Grant v. Royal, 605

Decision Date20 May 1959
Docket NumberNo. 605,605
Citation108 S.E.2d 627,250 N.C. 366
PartiesGeorge R. GRANT, Trustee for Mrs. Rebecca Kennedy, Incompetent, v. David Stephen ROYAL.
CourtNorth Carolina Supreme Court

Tally, Tally & Taylor, and Donald B. Strickland, Fayetteville, for plaintiff, appellant.

Nance, Barrington & Collier, by James R. Nance, Fayetteville, and Rudolph G. Singleton, Jr., Fayetteville, for defendant, appellee.

HIGGINS, Justice.

The record in this case leaves the impression that two estimable ladies, born in the horse and buggy days, failed fully to appreciate the speed of present day automobile traffic and the dangers incident thereto. On foot, they attempted to cross a four-lane street at a place where the authorities had made no provision for such crossing. Darkness, rain, wind, fog, clothing and umbrella blending with the color of the street surface, left the defendant insufficient time to avoid them after he could have discovered their intention to continue across his lane of traffic. They had stopped or hesitated in a place of safety from his intended movement. Even so, he stopped after merely bumping them without running over them.

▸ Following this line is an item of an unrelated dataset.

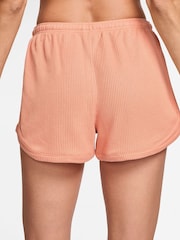 Nike Apricot Orange Sportswear Chill Knit Mid-Rise Waffle 3" Shorts - Image 2 of 4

Plaintiff and her witness were crossing from the unlighted side of the street at a place where the defendant had a right to assume and to act on the assumption that pedestrians would recognize his right of way and not obstruct it. Garmon v. Thomas, 241 N.C. 412, 85 S.E.2d 589; Tysinger v. Coble Dairy Products, 225 N.C. 717, 36 S.E.2d 246; Mitchell v. Melts, 220 N.C. 793, 18 S.E.2d 406. (See North Carolina Index, Vol. 1, pp. 264, 265, for full citation of cases.) No presumption of negligence arises from the mere fact there has been an accident and an injury. Fleming v. Twiggs, 244 N.C. 666, 94 S.E.2d 821; Merrell v. Kindley, 244 N.C. 118, 92 S.E.2d 671; Mills v. Moore, 219 N.C. 25, 12 S.E.2d 661.

In this case there is no evidence of speed. All the evidence indicates the defendant had only an instant in which to take evasive action after he could have observed the ladies suddenly decided to hurry across the two lanes for northbound traffic. The wonder is that complete success to avoid the accident failed by so narrow a margin.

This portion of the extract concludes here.